The Ain’t I A Woman?! Campaign was started by a group of garment workers fighting DKNY. While wealthy women, such as the founder of DKNY - Donna Karan - were being heralded as icons by the mainstream feminist movement, the garment workers making clothes for DKNY, most of whom were immigrant women of color, were forced to work 70 to 80 hours a week, without overtime and paid less than minimum wage.

dkny030.jpg

What is our analysis?

Code of Conduct - Asking the Fox to Guard the Chicken Coop

Our “Ain’t I a Woman” campaign has been launched amidst a great deal of anti-sweatshop activism. For the most part, unfortunately, sweatshops are framed as a problem of “the other”: far-away workers in Third World countries, immigrant garment workers in this country hidden away behind barbed wires and locked gates.

An upsurge of activity has been directed at helping these workers: the U.S. Labor Department launched a “No Sweat” campaign to encourage manufacturers to sign on to “voluntary compliance” with labor laws. Students are demanding that their schools contract only with companies that agree to a “code of conduct” – which typically prohibits forced labor, child labor and violations of labor laws – and to “public disclosure” of where and under what conditions their goods are made. Advocacy groups are organizing consumer boycotts of companies exploiting workers abroad, chasing companies like Disney from Haiti to China and promoting the union label.

A new form of imperialism has emerged, where U.S. consumers are depicted as the key agents of change and the ones who know what is best for those sweatshop workers who are suffering. Power is seen to reside in your ability to buy things, as a consumer, rather than in your ability to make things or make things run as a worker.

This focus on sweatshops overseas actually helps to protect sweatshops in the U.S., diverting attention from the expanding sweatshop system here and driving work from abroad to domestic sweatshops.

Voluntary compliance and monitoring measures are also naive. “No Sweat” and Codes of Conducts are based on the premise that corporations are well intentioned. How effective can these measures be if they are asking corporations to voluntarily contradict the very goal of corporations: to make a profit? Moreover, even if independent monitors investigate factories, workers will not tell the truth about sweatshop conditions if they are not organized to face threats of harassment, firing and blacklisting.

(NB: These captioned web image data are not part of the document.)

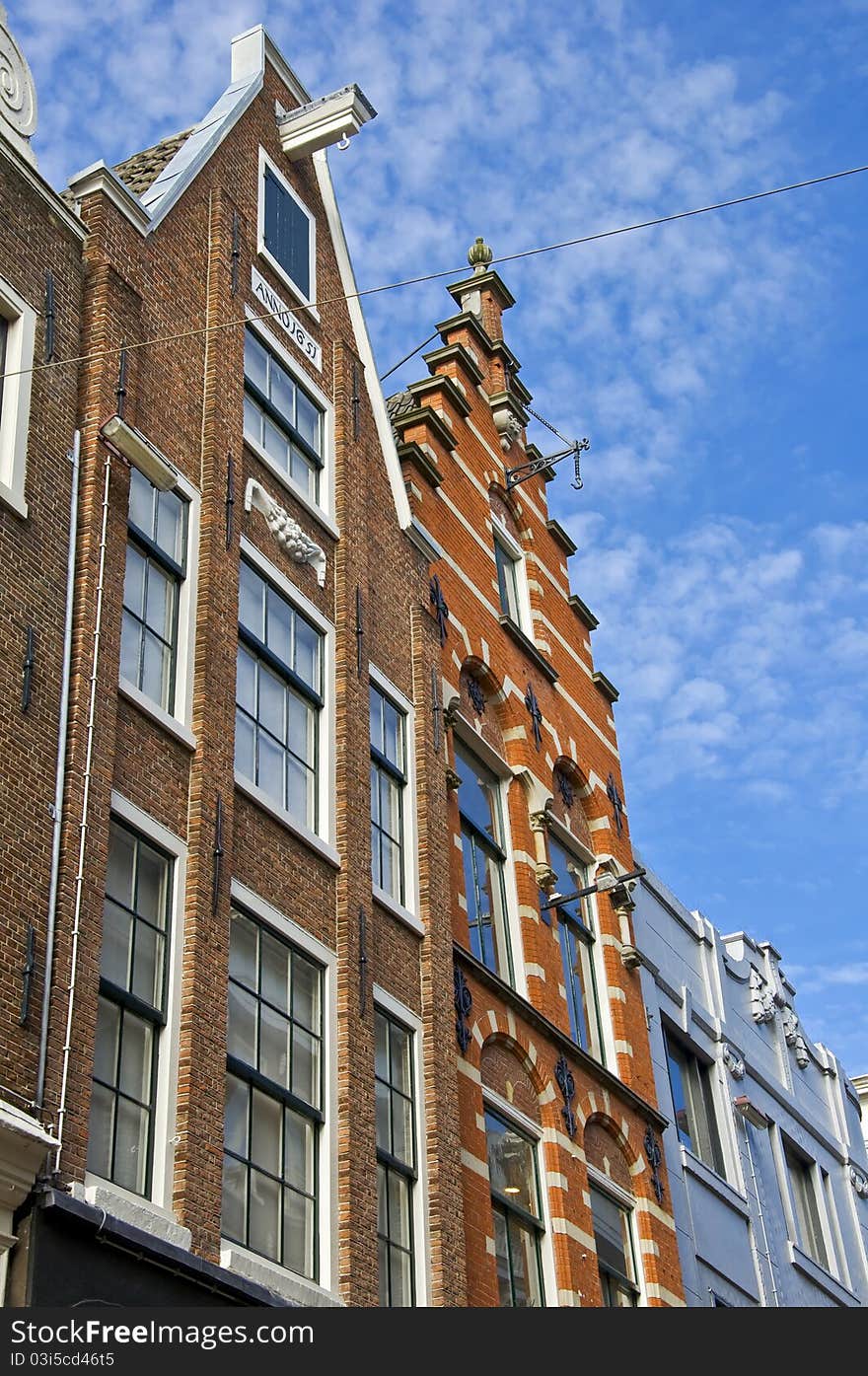 Amsterdam. Dutch houses with a hook at the blue sky. Urban environment of the historical city center.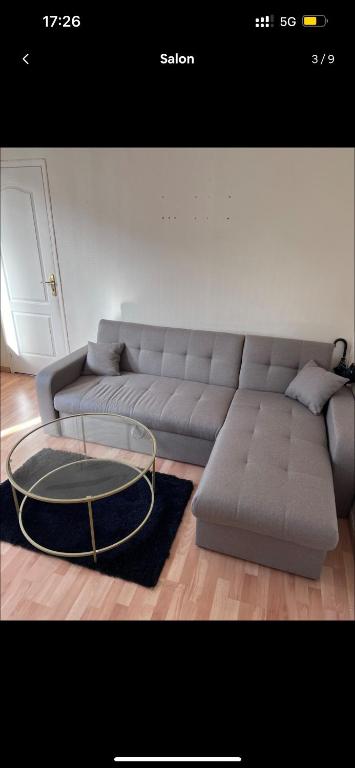 un salon avec un canapé et une table en verre dans l'établissement Logement entier F2 Stade de France, à Saint-Denis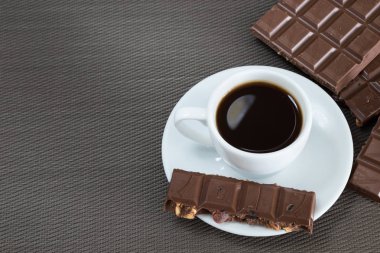 Siyah kahve ve çikolata kahverengi bir arka plan üzerinde beyaz Kupası
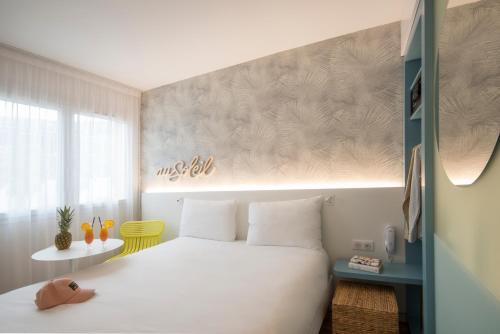 - une chambre avec un grand lit blanc et une fenêtre dans l'établissement ibis Styles Nice Cap 3000 Aéroport, à Saint-Laurent-du-Var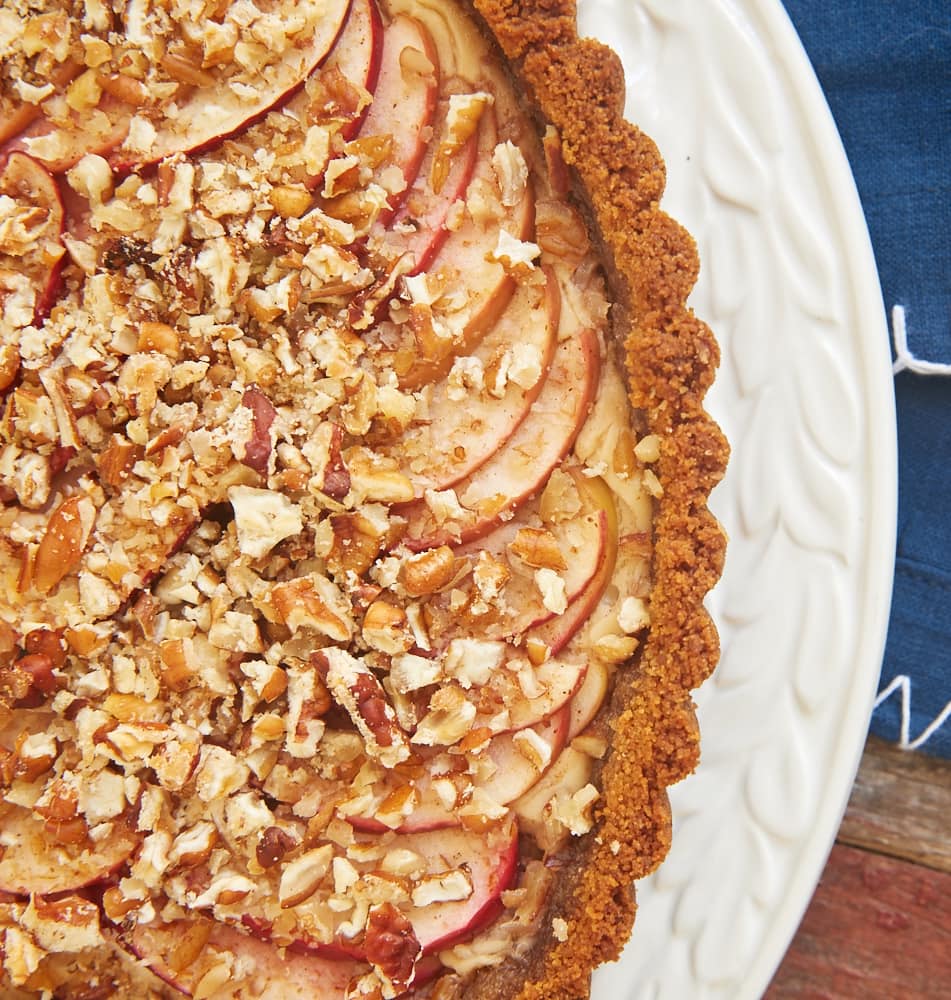 Apple Pecan Cream Cheese Tart is a delicious combination of apple pie and cheesecake. This lovely dessert is a fall baking must! - Bake or Break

For example, workers from two of the largest sweatshops in Brooklyn, N.Y., were forced to work as long as 137 hours a week producing Street Beat Sportswear for retailers like Sears. Several were fired after asking for a day off. Workers were owed almost $300,000 in unpaid minimum wage and overtime pay and damages. Street Beat had three years earlier signed two compliance agreements with the Department of Labor.

Women’s Work and the Sweatshop Company

The sweatshop conditions faced by Pactiv factory workers are not so far removed from the experiences of most women workers in this country. Women are disproportionately concentrated in clerical, service-sector and manufacturing jobs. Among all women workers in the U.S., one in five is a cashier, secretary or teacher. Nearly six out of 10 African American women work as nursing attendants, janitors, cleaners, cooks and maids. Immigrant women often take jobs as domestic workers, hotel and restaurant workers, orderlies, nursing assistants and laborers in manufacturing jobs such as garment and meat processing. Unfortunately, these very important areas of work, which we all depend on, tend to be devalued and lower-paid. And regardless of educational levels, in any occupation women are routinely paid less than men doing the same work.

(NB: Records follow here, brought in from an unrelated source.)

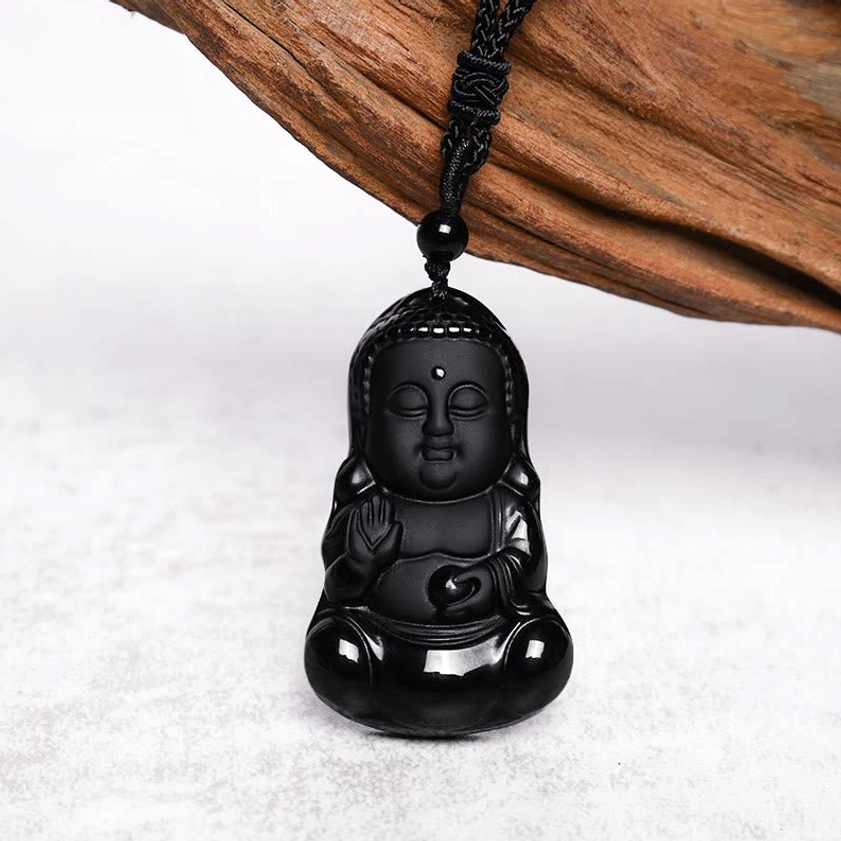 Obsidian Buddha pendant necklace with woven cord on wooden background - side view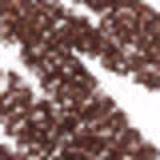 Lápis de olho da marca M·A·C, com embalagem marrom e preta, com o nome "Kajal Excess" impresso. O lápis possui uma ponta afilada e uma textura metálica.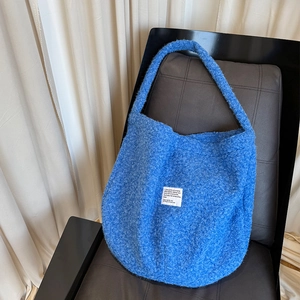 Detail of blue faux shearling tote bag featuring a minimalist white rectangular brand label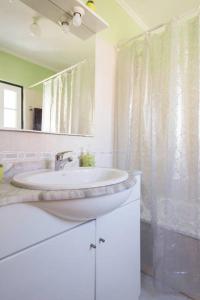 a white bathroom with a sink and a mirror at Casa Nossa in Lisbon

And this is just the woman’s “official” job. Regardless of race or class, women are still the primary caretakers of children and elderly relatives, and still take on a disproportionate responsibility for housework. This “women’s work” is never recognized or valued as work, but is simply expected of women.

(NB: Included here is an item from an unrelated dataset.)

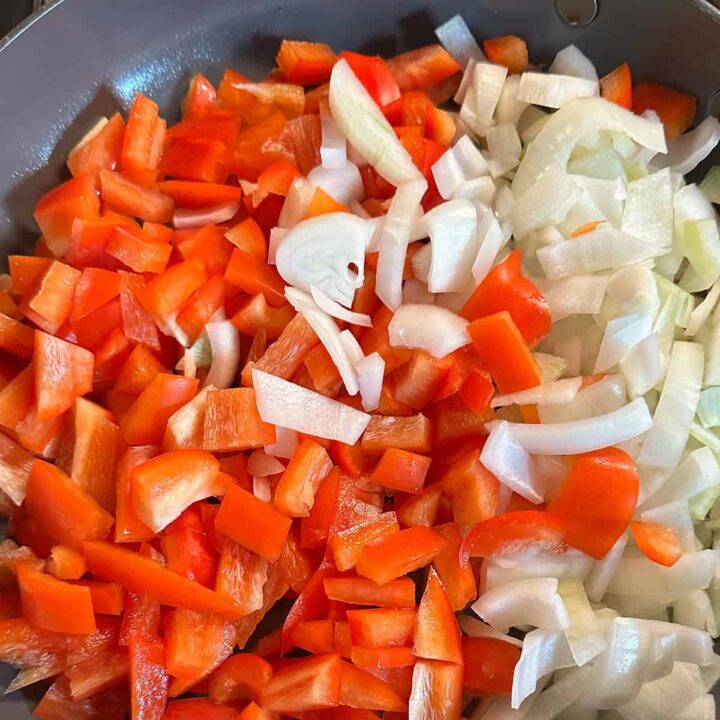 peppers and onions in a skillet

Adding insult to injury, women who have been caring for their children at home and receiving welfare benefits are now being forced into workfare, a government-supported cheap-labor program. These women are working starvation wages doing demeaning and dead-end work, while often having no choice but to pay a babysitter to watch their children.

Stuck in low-wage jobs and shouldering primary responsibility for their children, many women lack the economic autonomy to escape abusive relationships at home. Those who do are sometimes forced to work several jobs or turn to sex work as a quick way to put food on the table. Nearly a third of all families headed by women are living below the poverty-line. Even well-paid professional women cannot escape hard choices around career and motherhood. For many, advancement means giving all your time, which means having no time for children. Moreover, many bosses fail to offer maternity leave or to guarantee that mothers’ jobs will be available when they return.


So what exactly is the Ain't I A Woman campaign?

The Ain’t I A Woman?! Campaign is a national outreach and educational effort led by women workers to demand that those benefiting the most from sweatshop labor are held accountable–whether we work in garment factories, home healthcare, or offices. A century after Sojourner Truth’s struggles against racism and sexism, women workers are refusing to be treated like slaves or second-class citizens. The AIW Campaign is sponsored by Chinese Staff & Workers’ Association and National Mobilization Against SweatShops, and has provided leadership to women workers in the fight against sweatshop conditions and for control of our lives.